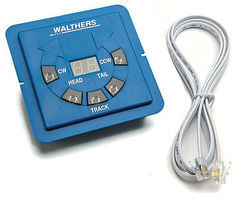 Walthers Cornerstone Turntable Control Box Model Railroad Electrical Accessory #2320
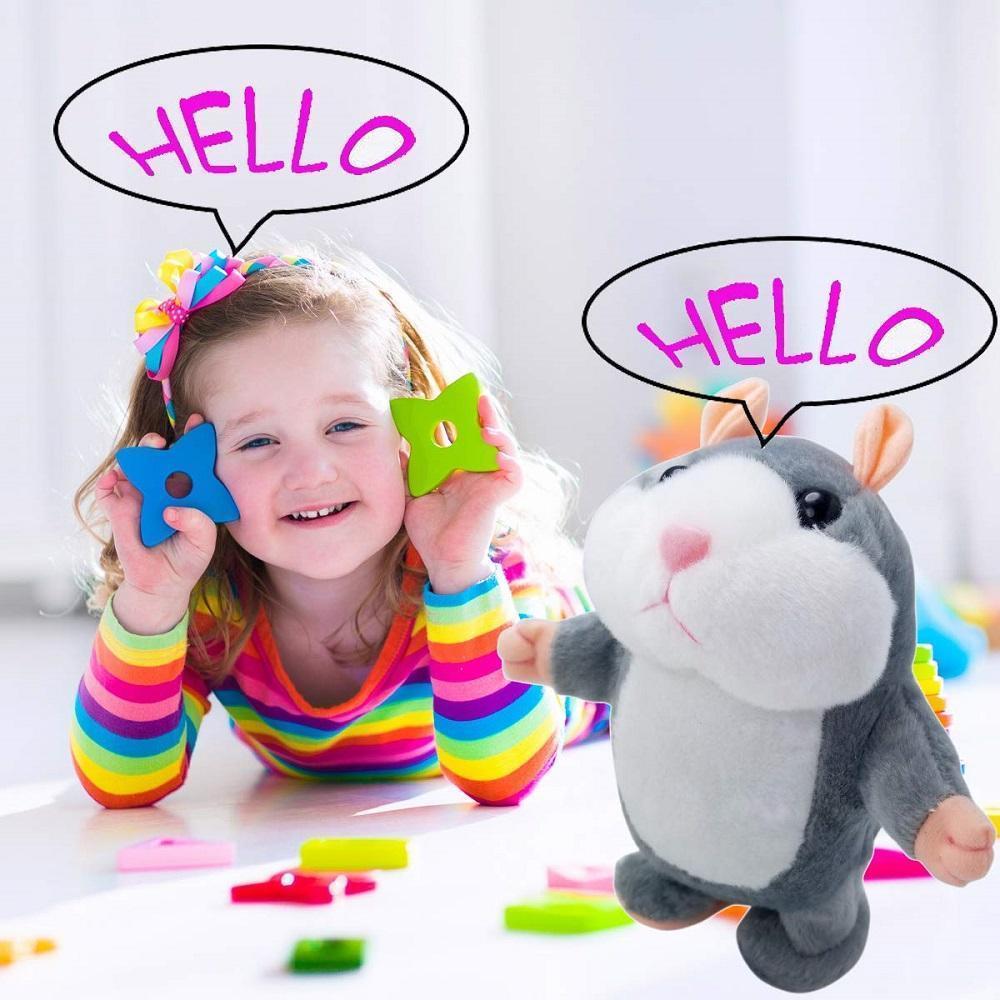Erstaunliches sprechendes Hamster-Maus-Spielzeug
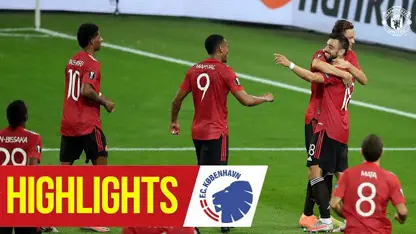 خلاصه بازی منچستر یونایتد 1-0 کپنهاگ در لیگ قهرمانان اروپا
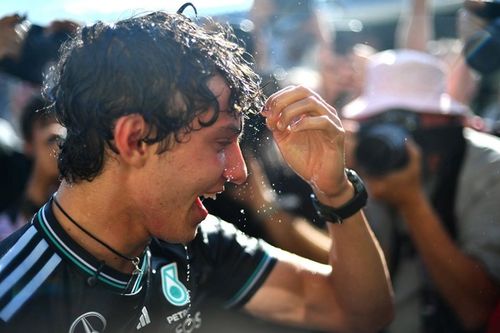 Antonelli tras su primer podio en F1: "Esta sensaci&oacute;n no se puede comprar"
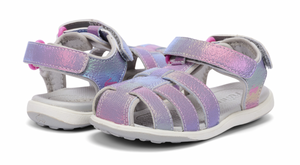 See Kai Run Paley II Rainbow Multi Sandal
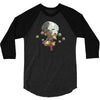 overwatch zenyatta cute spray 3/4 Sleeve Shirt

━━━━━━━━━━━━━━━━━━━━

## What you have to do
Output the listing unchanged, pictures excluded.

## Answer section
 Walthers Cornerstone Turntable Control Box Model Railroad Electrical Accessory #2320
Erstaunliches sprechendes Hamster-Maus-Spielzeug
 خلاصه بازی منچستر یونایتد 1-0 کپنهاگ در لیگ قهرمانان اروپا
 Antonelli tras su primer podio en F1: "Esta sensaci&oacute;n no se puede comprar"
 See Kai Run Paley II Rainbow Multi Sandal
 overwatch zenyatta cute spray 3/4 Sleeve Shirt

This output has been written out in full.